From the moment I stepped into the Yale Repertory Theater on Wednesday night, I knew that the show I was about to see was going to be tremendously different from the few I’d already attended. For one thing, the latter were all student-run productions. This play, however, was packed with strong performers, whose portrayal of 1980s racial tensions far transcended the boundaries of the fourth wall. When Dee Paradis (Francesca Choy-Kee) cried and raged at the unfairness of the world, I felt like an intruder in a private moment and squirmed uncomfortably in my seat. When Michael Cabot (Tommy Schrider) extolled the virtues of jazz amidst the “salt” and “brine” and “sweat” — his words, not mine — of concertgoers, I found my head nodding in agreement along with Dee’s, and my foot tapping in tempo with Cabot’s. For another, the audience consisted largely of middle-aged and elderly couples. When I stepped in to take my seat, clad in blue whale-patterned rain boots with my ratty Jansport slung over one shoulder, I felt like a foreigner. What if I laughed at something inappropriate? What if the ’80s pop culture references flew over my head?

Molly Ringwald did not prepare me for this.

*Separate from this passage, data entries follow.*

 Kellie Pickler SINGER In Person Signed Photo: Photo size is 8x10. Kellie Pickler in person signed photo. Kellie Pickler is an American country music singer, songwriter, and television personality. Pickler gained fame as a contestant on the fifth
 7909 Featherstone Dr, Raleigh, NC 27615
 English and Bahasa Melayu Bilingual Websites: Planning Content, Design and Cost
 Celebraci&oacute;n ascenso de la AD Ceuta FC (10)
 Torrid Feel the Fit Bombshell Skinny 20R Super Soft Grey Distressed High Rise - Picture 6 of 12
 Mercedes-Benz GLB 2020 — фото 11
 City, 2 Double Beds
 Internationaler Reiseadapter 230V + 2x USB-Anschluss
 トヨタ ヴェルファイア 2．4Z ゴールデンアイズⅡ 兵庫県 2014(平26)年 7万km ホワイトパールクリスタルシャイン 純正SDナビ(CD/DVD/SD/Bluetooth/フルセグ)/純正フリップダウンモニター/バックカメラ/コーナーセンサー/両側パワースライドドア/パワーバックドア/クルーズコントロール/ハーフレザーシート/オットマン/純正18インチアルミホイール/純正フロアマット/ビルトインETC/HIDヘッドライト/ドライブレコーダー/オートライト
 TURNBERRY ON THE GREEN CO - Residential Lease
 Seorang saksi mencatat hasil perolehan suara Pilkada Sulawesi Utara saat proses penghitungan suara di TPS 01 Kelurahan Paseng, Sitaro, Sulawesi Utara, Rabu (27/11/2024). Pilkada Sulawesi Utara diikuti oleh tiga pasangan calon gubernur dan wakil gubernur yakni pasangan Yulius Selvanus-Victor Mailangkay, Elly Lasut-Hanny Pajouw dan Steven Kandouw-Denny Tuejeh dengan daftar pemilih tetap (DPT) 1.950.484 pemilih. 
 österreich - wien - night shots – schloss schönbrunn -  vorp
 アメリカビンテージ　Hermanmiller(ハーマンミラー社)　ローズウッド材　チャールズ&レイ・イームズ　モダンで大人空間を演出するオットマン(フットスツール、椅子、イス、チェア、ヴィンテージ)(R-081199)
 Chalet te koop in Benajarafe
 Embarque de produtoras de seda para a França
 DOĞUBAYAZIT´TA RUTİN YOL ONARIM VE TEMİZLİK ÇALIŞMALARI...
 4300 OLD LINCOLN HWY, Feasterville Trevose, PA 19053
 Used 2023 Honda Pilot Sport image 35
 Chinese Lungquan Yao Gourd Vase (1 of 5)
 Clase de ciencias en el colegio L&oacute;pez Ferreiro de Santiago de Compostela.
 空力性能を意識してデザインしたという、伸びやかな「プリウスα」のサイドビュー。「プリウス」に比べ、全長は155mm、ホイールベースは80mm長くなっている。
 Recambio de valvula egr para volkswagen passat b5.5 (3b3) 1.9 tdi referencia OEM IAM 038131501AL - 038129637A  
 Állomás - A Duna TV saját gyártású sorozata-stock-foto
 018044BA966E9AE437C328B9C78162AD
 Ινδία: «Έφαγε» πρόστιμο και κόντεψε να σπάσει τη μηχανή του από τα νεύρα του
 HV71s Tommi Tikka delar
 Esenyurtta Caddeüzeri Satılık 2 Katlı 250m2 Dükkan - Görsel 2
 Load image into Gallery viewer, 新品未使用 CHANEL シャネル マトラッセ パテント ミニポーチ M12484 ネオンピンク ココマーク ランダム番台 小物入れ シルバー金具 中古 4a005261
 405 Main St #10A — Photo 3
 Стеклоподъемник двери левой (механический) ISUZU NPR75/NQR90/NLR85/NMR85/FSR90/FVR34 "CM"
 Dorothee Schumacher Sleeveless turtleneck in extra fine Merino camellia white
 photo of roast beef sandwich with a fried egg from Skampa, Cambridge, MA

“Bossa Nova” is a play about identity, race politics and adolescence all at once. The intelligent, driven Dee has lived her entire life under her mother’s thumb. Things don’t seem to get much better when, as shown through a series of flashbacks, she goes to the elite St. Ursula’s boarding school because “it’s one of the very best,” Lady Paradis (Ella Joyce) says. There, Dee feels she is lost in the “crevices,” stumbling through the background even as she soars academically. Thrust into an all-white school as the daughter of a wealthy, prominent, self-made black man, Dee is ostracized by everyone except her adoring roommate Grace (Libby Woodbridge), and Michael, her energetic — yet clearly unqualified and jazz-obsessed — history teacher.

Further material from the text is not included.